Permitir tal cenário - que credores que foram arrolados espontaneamente pela recuperanda estejam sujeitos à novação e ao plano e credores concursais que não foram arrolados fiquem livres para seguir com demandas individuais - cria distorções em relação aos credores que deveriam ser enquadrados na mesma classe e não foram, as quais não podem ser admitidas no âmbito recuperacional, no qual vigora o princípio da igualdade entre os credores "par conditio creditorum.

Dessa forma, entende-se que a não inclusão de créditos existentes na data do pedido de recuperação judicial não poderá tornar tal credor indiferente aos efeitos do plano de recuperação. Ainda que exista uma faculdade quanto à apresentação ou não da habilitação de crédito, isso não significa que tal crédito estará alheio aos efeitos do plano aprovado e homologado. Eventual entendimento diverso irá colocar determinados credores em situação de privilégio, o que não admite a lei 11.101/05.

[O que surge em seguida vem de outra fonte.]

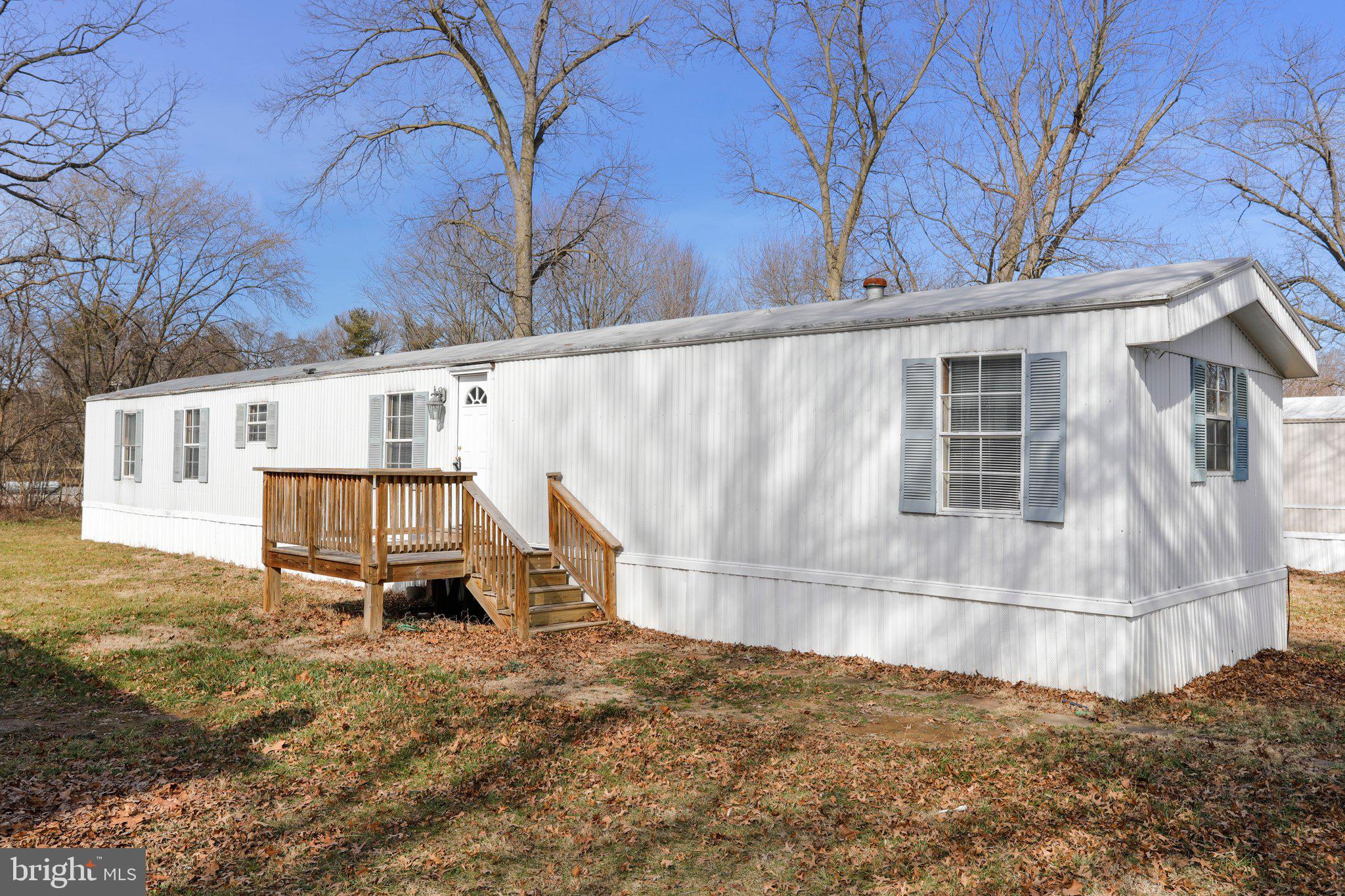 SHENANDOAH JUNCTION - Residential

Assim, confia-se que tal entendimento contido no Recurso Especial 1.851.692/RS será oportunamente refinado para que, ainda que se reconheça que cabe ao credor a faculdade de habilitar ou não seus créditos, isto não significará que os efeitos do plano de recuperação não irão lhe atingir. Entendimento diverso irá desnaturar os objetivos do instituto da recuperação judicial, prejudicando todos os envolvidos.